DATA FOR ANALYSIS ▸
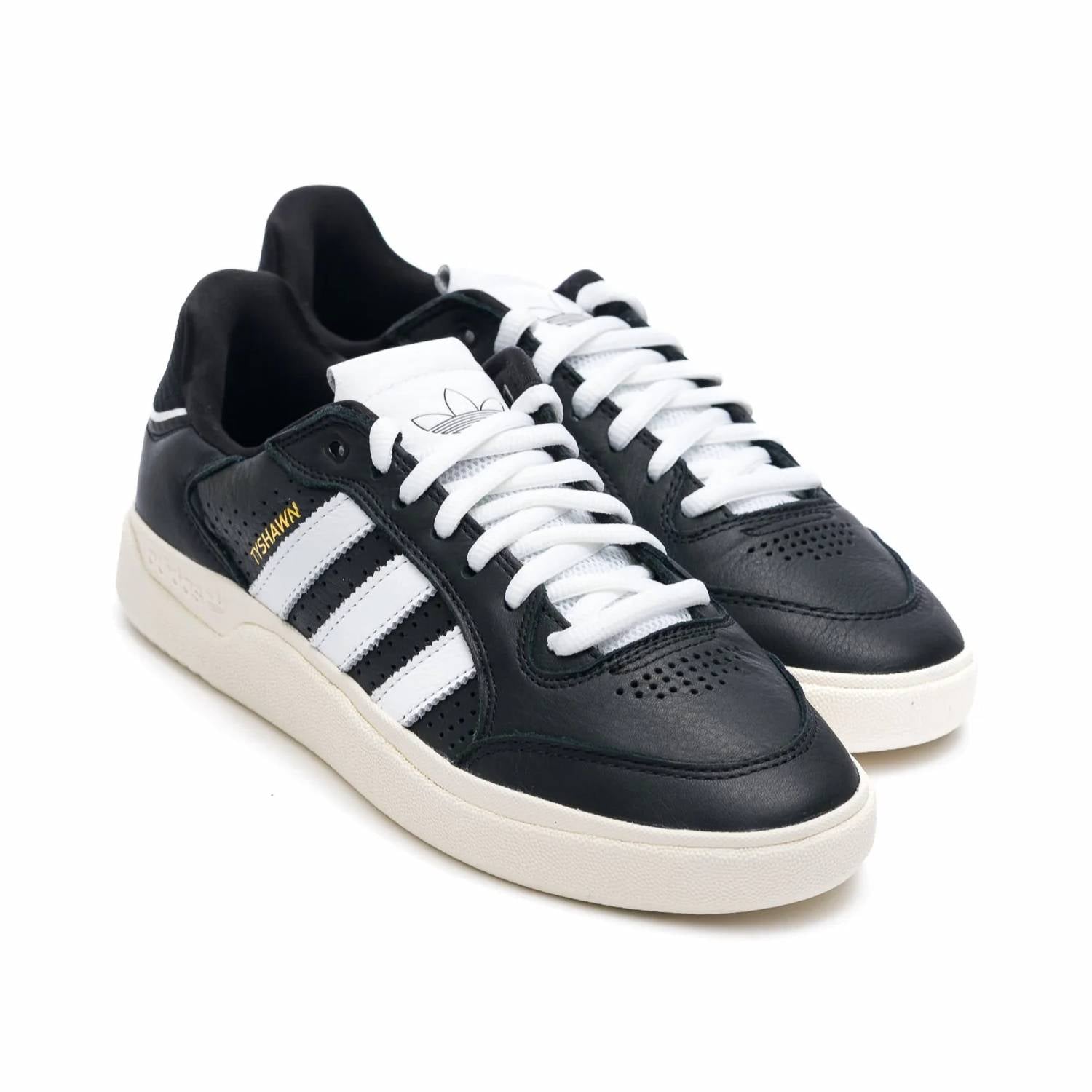 Adidas - Men's Tyshawn Ii Skate Shoes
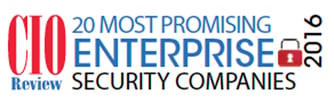 NuHarbor Security named Top Security Company for 2016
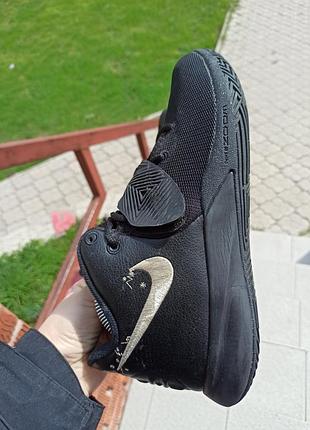 Кроссовки nike kyrie flytrap 3 (размер 43 / 27.5 см), оригинал 6
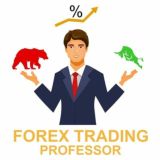 Forex Trading Professor®️
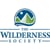 The Wilderness Society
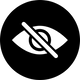 3_a193b16e-8afe-491c-a494-8402f7d646c8.png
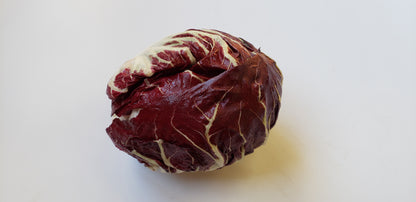 Radicchio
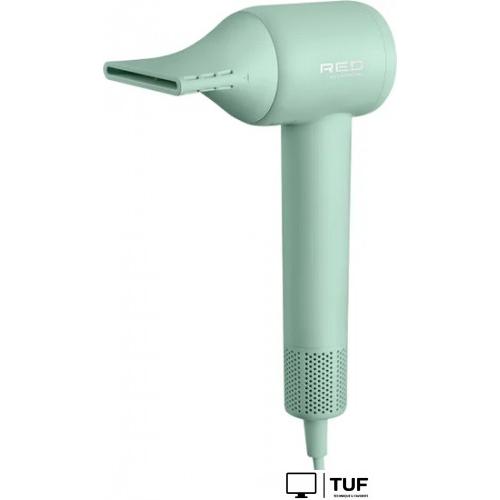 Фен RED Solution Colorsense F572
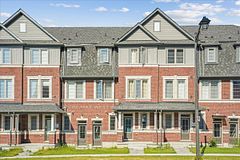 115 Air Dancer Crescent, Oshawa, ON L1L 0V3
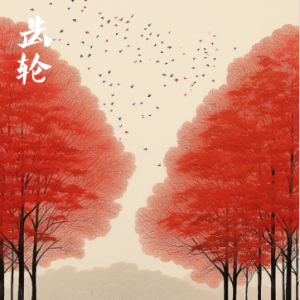 齿轮【抒情】钢琴谱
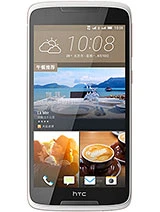 HTC Desire 828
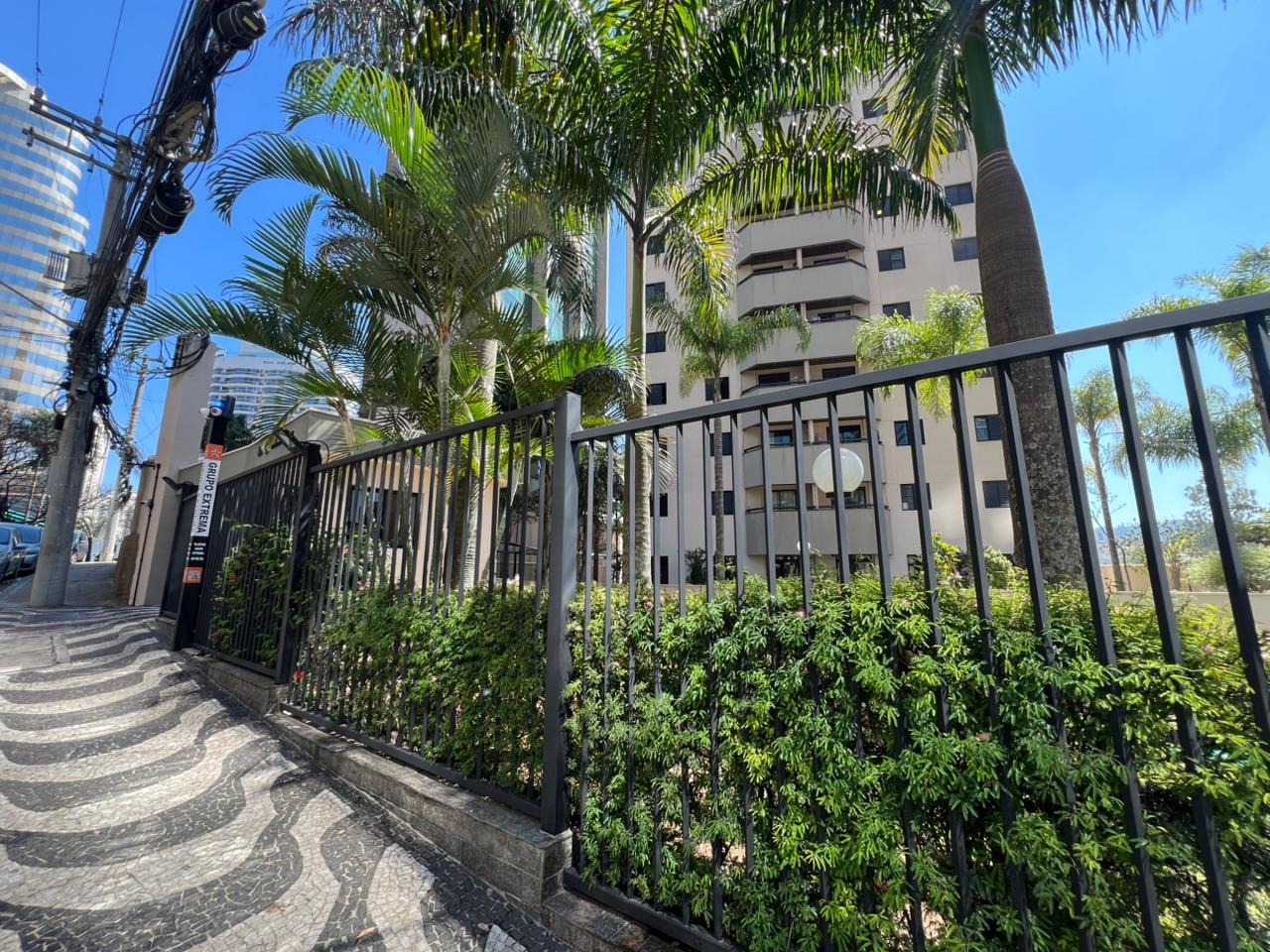 Apartamento, 3 quartos, 83 m² - Foto 34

TASK TO CARRY OUT ▸
All of the material must be repeated exactly in the answer, apart from the pictures.

YOUR SOLUTION ▸
 Adidas - Men's Tyshawn Ii Skate Shoes
 NuHarbor Security named Top Security Company for 2016
 Кроссовки nike kyrie flytrap 3 (размер 43 / 27.5 см), оригинал 6
 Forex Trading Professor®️
 The Wilderness Society
 3_a193b16e-8afe-491c-a494-8402f7d646c8.png
 Radicchio
 Фен RED Solution Colorsense F572
 115 Air Dancer Crescent, Oshawa, ON L1L 0V3
 齿轮【抒情】钢琴谱
 HTC Desire 828
 Apartamento, 3 quartos, 83 m² - Foto 34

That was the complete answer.